The first residence to occupy the western lot at the southern foot of Meeting Street was built in the late 18th century by Sen. Ralph Izard (1741-1804). For its design, Izard engaged James Hoban, generally believed to be the architect of America's first White House, which was burned in the War of 1812. Unfortunately, Izard's house here burned as well a few years later..
Shortly thereafter, cotton factor George Robertson, a Scotsman with offices on Fitzsimons Wharf, built this grand three-story antebellum house on a high basement in the Italianate style popular in Charleston during the 1840s and '50s. It is constructed of locally made Charleston grey brick laid in the Flemish bond style (though subsequent repairs made after the Earthquake of 1886 did not always maintain this style). A side-hall version of the Charleston single house design boasting 12,000 square feet, it remains among the largest residences in the city's Old & Historic District and commands one of the most desirable views in Charleston overlooking White Point Gardens and the harbor beyond.
Its primary entrance on Meeting Street features a pair of striking double doors. Though the door frames are original, the glazed glass panels and cast-iron lanterns on either side are later additions. These doors open to an entrance hall on the property's northern wall, notable for its massive proportions. A wide, sweeping staircase rises 22 steps to the second floor. The balustrade curves at its base to form a bold S-scrolled newel. Both the staircase and floor are of original heart pine, found in abundance in the Lowcountry.
Another notable addition is the house's extended two-story bay, which over time began pulling away from the primary structure and required extensive repairs. Its southern-facing piazzas are masked in brick on their eastern side on all three floors, creating a very balanced appearance from Meeting Street.
South of the hall a pair of palatial rooms are joined en suite by a wide, arched opening and feature tall, wide windows which provide access to the piazza. The rooms' original interior fabric has been retained, including huge marble mantles in the arched Italianate style; wide moldings, cornices and baseboards; and ornate ceiling medallions indicative of the wealth generated by those involved in the cotton industry.
Robertson sold the house to Williams Middleton (1809-1883) in 1855 for $25,000. The Middletons lived here full time after their Middleton Plantation house was burned in the Civil War.

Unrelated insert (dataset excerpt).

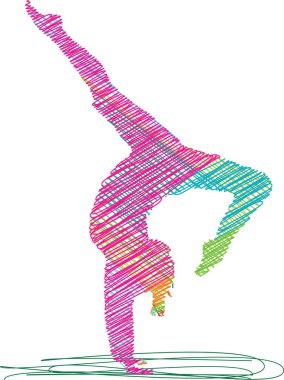 Gelişmiş yoga pozunun minimalist karalama tarzı çizimi, sağlık projeleri, grafik tasarımı ve dijital içerik için mükemmel.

In 1870, the Middletons sold the house to the Ross family, wealthy Philadelphia merchants and shipowners, whose magnificent collection of Victorian-era art and antiques were displayed here. When the last family member, Mary Jane Ross, passed away in 1922 at age 90, her will stipulated that the house was to become a museum featuring their collections in honor of her brothers who had served during the Civil War. That directive initiated a court battle that lasted 22 years and went before the S.C. Supreme Court three times before it was finally determined that the house and its collections were to be auctioned, with proceeds benefitting the South Carolina Medical Society, among other charitable organizations in both Charleston and Philadelphia.
The mansion was then purchased for $35,000 in 1945 by Minnie S. Carr, who also owned the property at 2 Meeting Street. Mrs. Carr converted the house into apartments while very carefully preserving and protecting its ornamentation and architectural elements.
Dr. John and Nancy (nee Dinwiddie) Hawk next purchased the house in 1961. Dr. Hawk was a local surgeon and Mrs. Hawk was widely known a woman of "purpose and drive," according to her 2008 obituary in the Post and Courier. Over the next 47 years, Dr. and Mrs. Hawk raised nine children here, and later entertained an additional 21 grandchildren during Sunday dinners and holidays.
During the Hawks' residency, the house's basement served for several years as the home of “Miss Mason’s School,” an elementary day school that later became Mason Preparatory School, which still exists today.
Following Mrs. Hawk's death, the property's sale generated local controversy when there was a request to divide it into three condominiums, with the kitchen house at 3 Meeting Street serving as a fourth. After a heated debate among preservationists, the request was allowed and its sale closed Sept. 2, 2015, for $4.2 million. The kitchen house sold for $795,000 in 1998 and in 2021 has an estimated value of $2,165,200.